On Oct. 5, the gold-backed digital token under the name Zimbabwe Gold (ZiG) officially kicked off as a payment method. The launch was announced by the Reserve Bank of Zimbabwe (RBZ).
The first time the RBZ introduced its new project was in April 2023.
The central bank specified that every issued digital token would be backed by a physical amount of gold held in the bank’s reserves. The RBZ started issuing physical gold tokens last year, claiming their successful adoption.
The mission behind both physical coins and freshly introduced ZiG is to persuade local investors to put their money into national assets and not American dollars, which is not an easy task in a country with a triple-digit inflation level. As the RBZ Governor, Dr.

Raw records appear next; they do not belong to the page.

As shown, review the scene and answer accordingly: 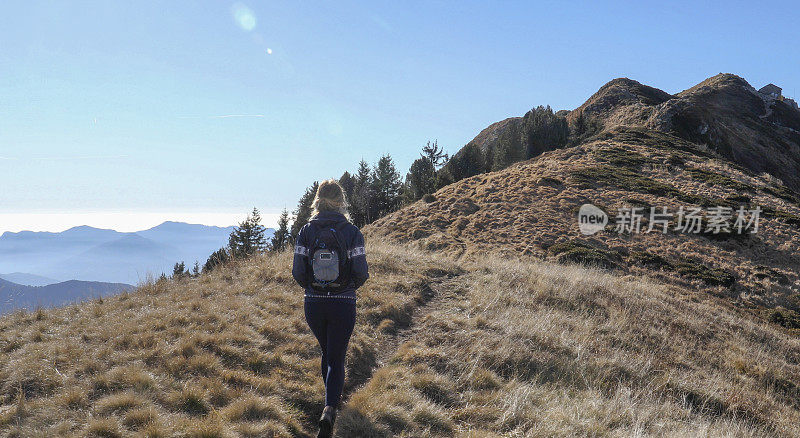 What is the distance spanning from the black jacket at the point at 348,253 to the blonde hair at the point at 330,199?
90 millimetres

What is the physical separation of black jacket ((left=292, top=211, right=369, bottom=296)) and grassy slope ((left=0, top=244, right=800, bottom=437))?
134cm

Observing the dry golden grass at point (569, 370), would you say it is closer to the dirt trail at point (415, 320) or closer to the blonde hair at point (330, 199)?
the dirt trail at point (415, 320)

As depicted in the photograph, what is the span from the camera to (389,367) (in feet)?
17.4

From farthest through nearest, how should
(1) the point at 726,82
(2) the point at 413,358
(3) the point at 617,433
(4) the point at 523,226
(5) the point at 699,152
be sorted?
(1) the point at 726,82, (5) the point at 699,152, (4) the point at 523,226, (2) the point at 413,358, (3) the point at 617,433

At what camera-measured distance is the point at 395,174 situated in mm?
49312

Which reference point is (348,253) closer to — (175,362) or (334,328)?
(334,328)

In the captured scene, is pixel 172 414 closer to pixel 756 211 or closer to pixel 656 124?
pixel 756 211

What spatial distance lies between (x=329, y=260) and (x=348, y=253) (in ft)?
0.67

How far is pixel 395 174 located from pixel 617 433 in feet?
151

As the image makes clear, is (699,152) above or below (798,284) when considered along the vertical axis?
above

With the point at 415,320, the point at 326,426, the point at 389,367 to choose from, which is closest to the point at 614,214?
the point at 415,320

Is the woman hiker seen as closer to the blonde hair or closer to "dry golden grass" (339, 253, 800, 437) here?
the blonde hair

John Mangudya said earlier:
“The issuance of the gold-backed digital tokens is meant to expand the value-preserving instruments available in the economy and enhance divisibility of the investment instruments and widen their access and usage by the public.”
Digital tokens can be stored in either e-gold wallets or e-gold cards and are tradeable both for P2P and business transactions.
The RBZ reported several levels of prices, for which ZiG could be both, depending on the weight of its gold reserve.
Thus, one can buy 1 ounce of ZiG for $1,910 and 0.1 ounce for $191.
According to the Bank, on Sept. 28, investors bought the equivalent of 17.65 kg in ZiG, paying with both Zimbabwean and American dollars.
The total amount of ZiG, sold since the previous rounds of digital token sales, stands at around 350 kg of gold.
Zimbabwe has grappled with currency instability and rising inflation for more than a decade. In 2009, the nation adopted the U.S. dollar as its official currency in response to a period of hyperinflation that had rendered the local currency practically worthless.
In an attempt to revitalize the domestic economy, Zimbabwe reintroduced its own currency in 2019. However, this move was followed by a resurgence of currency volatility.